Voters remained satisfied with Mr. Kelly; 64 percent approved of the job he was doing, compared with 25 percent who disapproved.
Stop-and-frisk, another police tactic that has been questioned by some public officials, was more divisive an issue. Forty-six percent approved of the practice, while 49 percent disapproved.
The poll also indicated that Mayor Michael R. Bloomberg has rebounded from poor approval ratings that had bedeviled his third term.
A year ago, with voters voicing displeasure over his handling of a Christmas snowstorm and his selection of Cathleen P. Black as schools chancellor, only 39 percent of New Yorkers approved of Mr. Bloomberg’s performance, in contrast to 51 percent who disapproved. But in the newest poll, the numbers were reversed, with 54 percent saying that they approved, and only 35 percent saying they disapproved.
At the same time, voters who were polled said that they approved of Mr.
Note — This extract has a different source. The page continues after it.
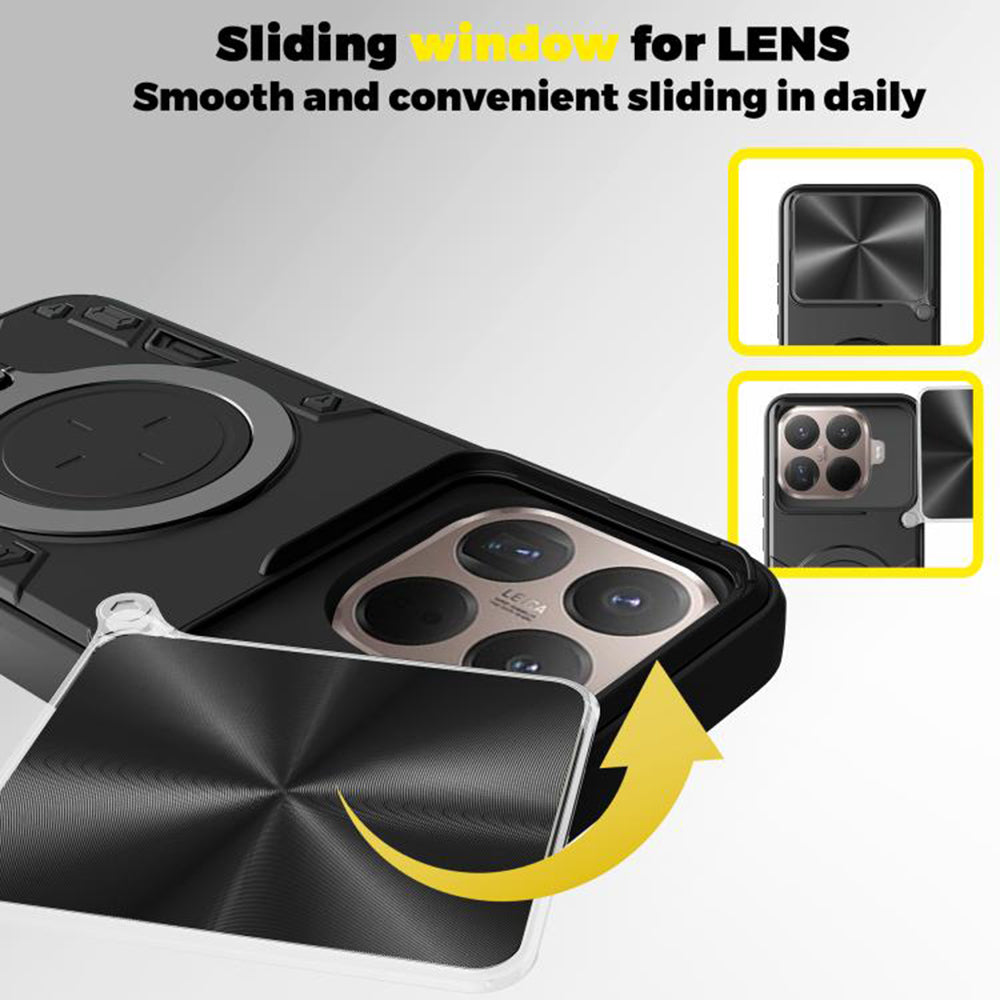 Futrola za Xiaomi 15T Pro, Techsuit, CamGuard Pro, Crvena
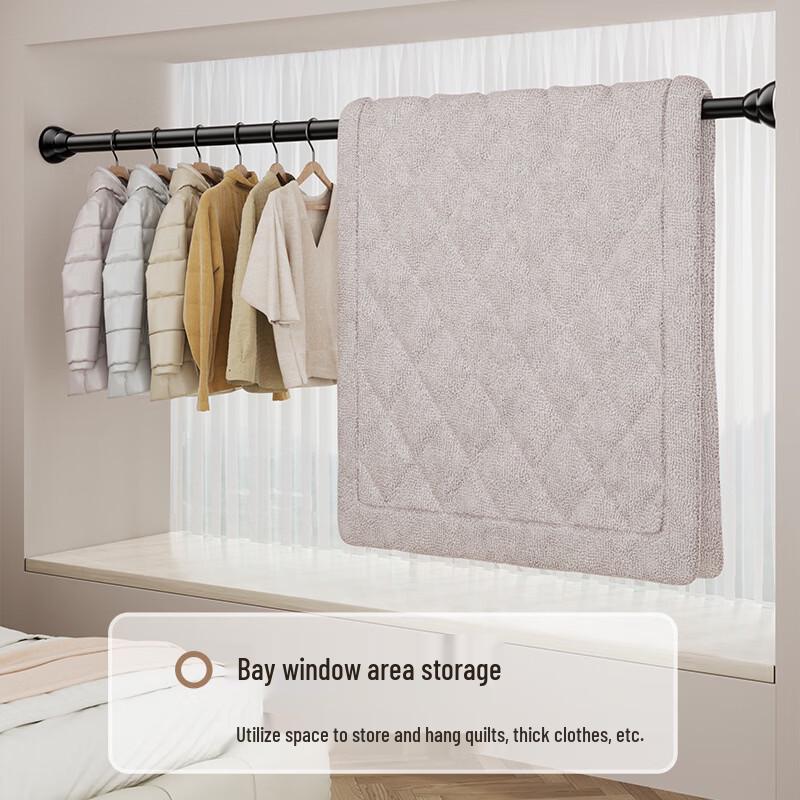 cmaos Stainless Steel Retractable Shower Curtain Rod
Bloomberg’s policies by a 53 percent to 40 percent margin; one month ago, that ratio was essentially a tie, 46 to 44 percent.
The poll also had good news for Christine C. Quinn, the City Council speaker, and not so good news for John C. Liu, the city comptroller, whose campaign finances are under federal investigation. A record-high 59 percent of respondents approved of Ms. Quinn’s job performance, versus 20 percent who disapproved. Meanwhile, a record-high 37 percent of respondents disapproved of Mr. Liu’s job performance, in contrast to 40 percent who approved.
The poll is based on the responses of 964 voters who were surveyed between March 6 and March 11; the margin of sampling error for a sample of this size is plus or minus three percentage points.